Family Impersonation: A Distinctly American Crisis
One of the most unsettling findings in the Surfshark analysis concerns a form of fraud that is personal in the most literal sense. Deepfake impersonation of family members - in which a victim receives what appears to be a video or voice message from a relative in distress, requesting urgent money - has caused $124 million in losses in the United States. That figure represents 17 percent of all US deepfake losses and, remarkably, 99.9 percent of all such losses globally.
The concentration of this crime in one country likely reflects a combination of factors: high smartphone penetration, widespread comfort with video communication, and possibly the particular emotional and financial vulnerability that accompanies a culture of geographically dispersed families. Surfshark's researchers note explicitly that this trend is expected to spread internationally as the underlying technology becomes cheaper and more accessible to criminal networks worldwide. What is currently an American problem carries the architecture of a global one.
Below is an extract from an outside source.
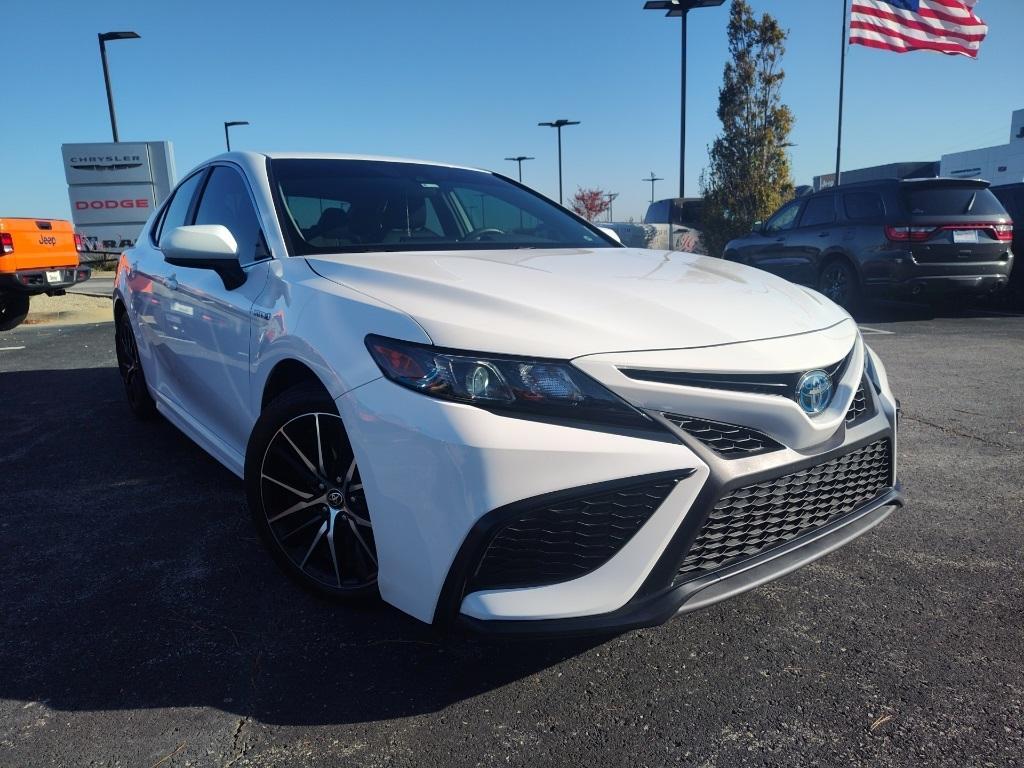 used 2021 Toyota Camry Hybrid car, priced at $23,895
A Technology Outpacing Defenses
The broader context behind these figures is the rapid commodification of deepfake generation tools. What once required significant computing resources and specialized knowledge can now be produced with consumer hardware and freely available software. The barrier to entry for this class of fraud has collapsed over the past several years, while detection tools - whether deployed by platforms, financial institutions, or law enforcement - have struggled to keep pace.
Financial crimes enabled by deepfakes, including identity theft used to secure bank loans or drain accounts, account for 9 percent of losses. Romance scams involving fabricated identities make up 7 percent. Family impersonation, as described above, accounts for 6 percent. These categories are not static. Each represents a fraud typology that evolves as perpetrators refine their methods and as new platforms and communication channels emerge.
The policy response remains fragmented. Some jurisdictions have introduced or proposed legislation specifically targeting non-consensual deepfakes, but enforcement across borders - where most of these fraud operations originate - is a persistent obstacle. Financial institutions have begun piloting real-time deepfake detection during video verification processes, but adoption is uneven. For individuals, the practical guidance is sobering in its simplicity: verify any urgent financial request through a separate, independently confirmed channel, regardless of how convincing the source appears.